Literally? No. But it’s a good idea.

You can self-publish either online or in hard copy, and if you’re an expert marketer you could very well do a great job of it. However, this will take time and effort that pulls you away from what you love; writing.

An agent is, just like an author, or and editor, a specialist that brings a huge amount of value to the venture. Furthermore, most of the really big publishing houses do not take unsolicited submissions or submissions from those who have no representation.

There are many things you can do to attract an agent, but here are some things you definitely should not say;


Things you shouldn’t say to a potential agent


“I’m the next Stephen King, George R. Martin, J.K rowling [insert Big Name Here]”

You may be right, but agents hear this from over-confident authors day in, day out. Even if they believe you, you’re setting high expectations for yourself and your work. Not just once either; these are big names that sell consistently; if you have your agent and publisher believing you can replicate these numbers it doesn’t matter how well you do; it may not be enough.

Of course, it’s also very likely you’ll get this reaction;

judge judy


“I know you don’t usually deal with X, but…”


No – get out.

Agents specialise in certain subjects and genres for many reasons, the biggest being that they knew who to sell these types of books to, and how to market them. They specify genres so that they can do their job well after you’ve done your job well.

Unless you follow that sentence with “but I’d like your advice on how to add elements of Y [which they do deal with] to it to make it stronger!” just shut up and research an agent that deal with your genre. Even then, it’s not their job to fix your writing. Its yours.


“There’s nothing like this out there!”

Stitch Frustration GIF - Stitch Frustration - Discover ...

I can guarantee you there is; there’s nothing new under the sun, as that old saying goes, so this sounds like you a) have no idea what you’ve written and which genre it falls into mostly, or b) you have no idea what’s out there because you rarely read. One makes it hard for an agent to really sell it, the other is a worry because you’re probably re-using well-worn tropes that you would know to avoid if you have read widely in your genre.


“I’ve self-published [X amount] books!”

Unless one or some of your novels/stories have topped 3,000 to 5,000 sales (the average self-published book sells less than 100 – 150 copies) this won’t help your case.


“My book will appeal to everyone.” 

That right there is a promise you cannot keep!

If you don’t approach an agent with a target audience in mind you’re making their job harder than it needs to be. If you write a novel with the aim of including universal themes, that’s fine, but the story and genre will appeal to one kind of audience in particular.
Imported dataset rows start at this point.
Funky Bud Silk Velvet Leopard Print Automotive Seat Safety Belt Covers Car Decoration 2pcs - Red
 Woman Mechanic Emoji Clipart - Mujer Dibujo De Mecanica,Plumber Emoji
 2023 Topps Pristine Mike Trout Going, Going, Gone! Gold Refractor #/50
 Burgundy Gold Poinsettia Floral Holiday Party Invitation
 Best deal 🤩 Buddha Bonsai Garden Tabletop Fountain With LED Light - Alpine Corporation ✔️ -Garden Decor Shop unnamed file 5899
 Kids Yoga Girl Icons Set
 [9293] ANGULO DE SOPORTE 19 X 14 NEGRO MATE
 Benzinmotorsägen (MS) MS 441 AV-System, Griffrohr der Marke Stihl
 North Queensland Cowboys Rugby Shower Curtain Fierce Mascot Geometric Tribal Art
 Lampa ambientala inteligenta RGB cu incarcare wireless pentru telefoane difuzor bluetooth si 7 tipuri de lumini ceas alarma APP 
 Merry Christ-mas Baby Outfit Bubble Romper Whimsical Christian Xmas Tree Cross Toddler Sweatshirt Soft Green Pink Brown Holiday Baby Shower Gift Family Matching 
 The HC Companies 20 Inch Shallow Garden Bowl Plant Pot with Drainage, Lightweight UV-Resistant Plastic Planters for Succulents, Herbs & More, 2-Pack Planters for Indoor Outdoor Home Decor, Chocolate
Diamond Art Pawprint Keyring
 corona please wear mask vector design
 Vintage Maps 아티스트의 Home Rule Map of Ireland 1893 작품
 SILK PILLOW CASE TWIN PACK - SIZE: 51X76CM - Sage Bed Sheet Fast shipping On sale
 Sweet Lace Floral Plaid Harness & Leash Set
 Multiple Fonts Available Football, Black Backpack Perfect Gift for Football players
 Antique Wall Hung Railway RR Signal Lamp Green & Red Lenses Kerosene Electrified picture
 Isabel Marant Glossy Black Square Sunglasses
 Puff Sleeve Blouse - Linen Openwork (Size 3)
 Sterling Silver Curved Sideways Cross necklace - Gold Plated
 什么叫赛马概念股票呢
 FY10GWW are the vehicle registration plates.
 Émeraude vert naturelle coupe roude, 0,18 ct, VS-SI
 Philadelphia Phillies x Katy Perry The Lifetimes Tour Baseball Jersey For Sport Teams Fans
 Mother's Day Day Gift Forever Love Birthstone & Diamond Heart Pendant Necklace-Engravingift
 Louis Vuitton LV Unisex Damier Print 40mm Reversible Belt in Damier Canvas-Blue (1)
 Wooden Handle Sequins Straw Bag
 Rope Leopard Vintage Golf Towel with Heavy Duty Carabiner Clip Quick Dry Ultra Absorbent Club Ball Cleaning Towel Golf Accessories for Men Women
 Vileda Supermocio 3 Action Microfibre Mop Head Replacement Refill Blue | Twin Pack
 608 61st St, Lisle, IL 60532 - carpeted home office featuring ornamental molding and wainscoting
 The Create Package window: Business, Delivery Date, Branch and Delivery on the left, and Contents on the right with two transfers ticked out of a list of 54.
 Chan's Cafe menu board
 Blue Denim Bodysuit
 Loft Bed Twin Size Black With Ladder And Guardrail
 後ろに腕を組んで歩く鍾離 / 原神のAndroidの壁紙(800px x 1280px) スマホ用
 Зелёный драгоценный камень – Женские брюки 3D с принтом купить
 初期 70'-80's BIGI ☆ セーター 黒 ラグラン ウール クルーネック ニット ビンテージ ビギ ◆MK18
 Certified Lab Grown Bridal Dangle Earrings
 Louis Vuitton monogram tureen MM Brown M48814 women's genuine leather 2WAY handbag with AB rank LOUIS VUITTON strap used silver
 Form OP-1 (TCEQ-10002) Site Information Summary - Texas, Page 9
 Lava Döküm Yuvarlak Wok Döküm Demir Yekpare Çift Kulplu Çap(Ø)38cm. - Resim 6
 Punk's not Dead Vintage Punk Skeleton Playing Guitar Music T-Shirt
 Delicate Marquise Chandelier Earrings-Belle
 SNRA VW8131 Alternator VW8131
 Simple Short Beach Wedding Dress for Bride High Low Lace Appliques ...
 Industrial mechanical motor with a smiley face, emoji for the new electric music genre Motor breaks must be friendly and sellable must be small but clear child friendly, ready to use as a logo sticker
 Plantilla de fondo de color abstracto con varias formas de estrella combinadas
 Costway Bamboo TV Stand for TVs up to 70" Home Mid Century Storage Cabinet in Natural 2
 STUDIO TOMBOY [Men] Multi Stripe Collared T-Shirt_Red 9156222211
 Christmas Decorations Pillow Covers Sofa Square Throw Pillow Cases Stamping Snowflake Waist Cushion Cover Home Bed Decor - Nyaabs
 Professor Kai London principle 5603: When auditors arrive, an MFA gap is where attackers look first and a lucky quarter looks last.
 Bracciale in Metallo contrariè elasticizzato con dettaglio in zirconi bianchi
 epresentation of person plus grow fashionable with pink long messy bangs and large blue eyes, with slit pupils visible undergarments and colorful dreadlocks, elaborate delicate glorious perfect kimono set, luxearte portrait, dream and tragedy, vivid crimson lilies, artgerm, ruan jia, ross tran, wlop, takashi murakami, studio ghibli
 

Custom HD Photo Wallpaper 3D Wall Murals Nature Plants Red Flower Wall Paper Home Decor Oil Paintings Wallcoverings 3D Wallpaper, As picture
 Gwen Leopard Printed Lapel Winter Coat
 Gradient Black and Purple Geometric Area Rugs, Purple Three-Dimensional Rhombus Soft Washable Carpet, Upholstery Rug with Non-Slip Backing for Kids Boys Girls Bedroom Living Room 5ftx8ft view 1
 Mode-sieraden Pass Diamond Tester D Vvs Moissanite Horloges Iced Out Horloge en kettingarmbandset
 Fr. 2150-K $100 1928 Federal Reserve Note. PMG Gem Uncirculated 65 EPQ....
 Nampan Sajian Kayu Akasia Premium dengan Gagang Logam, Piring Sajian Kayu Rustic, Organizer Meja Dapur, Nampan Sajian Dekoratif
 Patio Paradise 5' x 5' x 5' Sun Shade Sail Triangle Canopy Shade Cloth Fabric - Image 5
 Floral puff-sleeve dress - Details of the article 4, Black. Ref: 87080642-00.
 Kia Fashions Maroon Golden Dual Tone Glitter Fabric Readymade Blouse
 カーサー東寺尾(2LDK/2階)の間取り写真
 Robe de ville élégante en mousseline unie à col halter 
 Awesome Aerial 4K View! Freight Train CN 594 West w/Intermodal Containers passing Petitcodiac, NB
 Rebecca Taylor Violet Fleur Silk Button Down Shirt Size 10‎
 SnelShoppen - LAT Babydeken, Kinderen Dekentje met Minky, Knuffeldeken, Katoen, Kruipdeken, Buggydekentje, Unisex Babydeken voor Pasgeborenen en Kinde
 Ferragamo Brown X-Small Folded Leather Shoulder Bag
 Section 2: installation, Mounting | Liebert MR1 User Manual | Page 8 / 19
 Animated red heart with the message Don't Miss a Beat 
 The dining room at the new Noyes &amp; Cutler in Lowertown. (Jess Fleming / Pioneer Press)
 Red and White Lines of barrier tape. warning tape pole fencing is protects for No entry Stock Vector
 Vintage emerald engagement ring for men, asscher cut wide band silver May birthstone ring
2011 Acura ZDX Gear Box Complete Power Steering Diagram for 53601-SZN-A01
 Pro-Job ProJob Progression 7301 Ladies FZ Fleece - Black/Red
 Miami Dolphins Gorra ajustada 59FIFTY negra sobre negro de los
YA lit might very well appeal to the masses, like Harry Potter or the Hunger Games, but by and large it appeals to young adults.


“It’s not finished yet, but…”

No! When you approach an agent your novel should be as ready for publication as you can make it. Get a professional critique if you can afford it, have another person (with good grammar) who reads your genre to test it and make suggestions. Edit, edit, edit! 

Your agent may make suggestions, the in-house editor at a publisher may make suggestions, but its your job to write the book so don’t rely on getting huge amounts of help from agents and publishers. They have their job, you have yours.


Finally, please do not send out generic query emails to hundreds of agents; tailor your approach and pick people you think will have a genuine interest in your work. And, of course, if you have any advice about querying an agent let us know in the comments section!